A reparação, portanto, deve ter um foco especial em políticas de educação, saúde, moradia, terra, socialização do trabalho doméstico e de cuidados e geração de renda para as mulheres negras. Mais do que isso, é imperativo que as mulheres negras estejam na mesa de decisões. São elas que podem garantir que políticas como as cotas e o Bolsa Família sejam defendidas dos ataques conservadores e que novas políticas sejam criadas a partir de suas vivências e necessidades. A reparação é também a valorização da memória e da liderança de lutadoras históricas, resgatando seus saberes e sua centralidade na construção da resistência.

O futuro é ancestral e a resistência é negra, indígena e popular

O desafio que enfrentamos é a resistência ideológica que tenta deslegitimar a reparação, tratando-a como “privilégio” ou “racismo reverso”. Nossa resposta deve ser firme: a reparação é a possibilidade de correção de uma injustiça histórica que impede o Brasil de ser uma verdadeira democracia.

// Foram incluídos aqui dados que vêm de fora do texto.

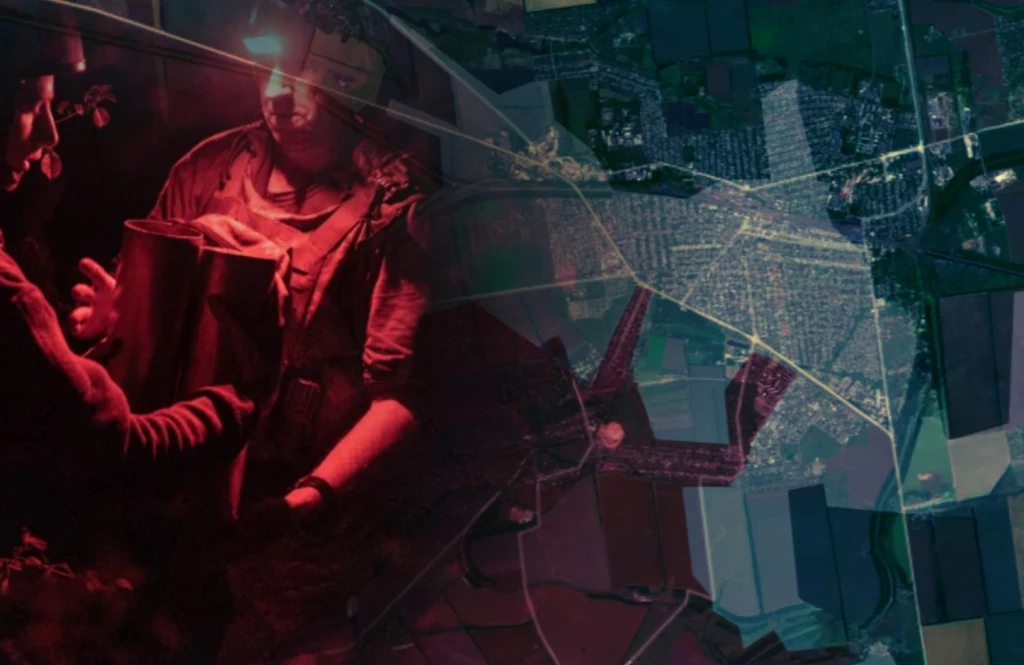 Zdaniem ekspertów wojskowych miastu Pokrowsk grozi "zagłada" Zdaniem ekspertów wojskowych miastu Pokrowsk grozi "zagłada"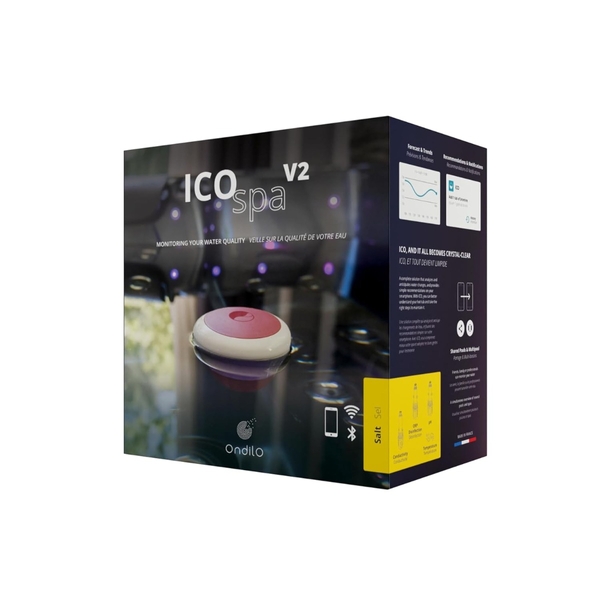 Ondilo ICO smart spa tester zoutwater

As mulheres negras em marcha, com sua potência simbólica e material, mostram o caminho de construção do bem viver como parte desse projeto político de transformação. E ensinam que, diante da crise do capitalismo e do avanço do neoliberalismo misógino e racista, a única saída é aprofundar a organização popular, fortalecer a resistência nas ruas e lutar incansavelmente por um projeto de país baseado na reparação histórica e no bem viver. A transformação do Brasil será liderada pelas mulheres negras, ou não será. O futuro que almejamos depende da nossa capacidade de transformar a dívida histórica em ação reparatória radical, construindo um país onde o bem viver seja, finalmente, um direito de todas e todos, e não um privilégio de poucos. Por isso, organizamos o feminismo antirracista e popular e estamos em marcha até que todas sejamos livres!

Bernadete Esperança Monteiro integra a coordenação nacional da Marcha Mundial das Mulheres do Brasil. Maria Rosineide Pereira integra a coordenação do Coletivo Terra, Raça e Classe do Movimento de Trabalhadores Rurais Sem Terra (MST) do Brasil.